What you will do:
As you print the data below, keep every line exactly as it is and leave the images behind.

Segment Start: Supplied information

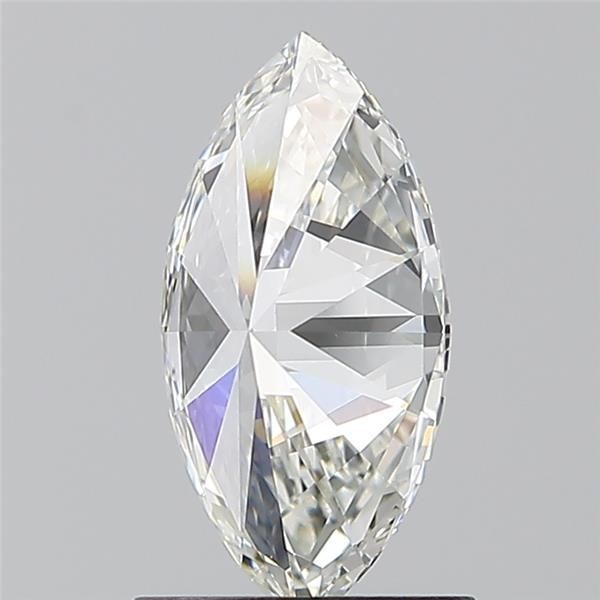 Marquise Diamond image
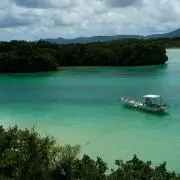 Ouzaの画像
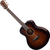 Taylor GS Mini-e Koa Plus LH thumbnail 1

Segment End: Supplied information

Answer box:
 Marquise Diamond image
 Ouzaの画像
 Taylor GS Mini-e Koa Plus LH thumbnail 1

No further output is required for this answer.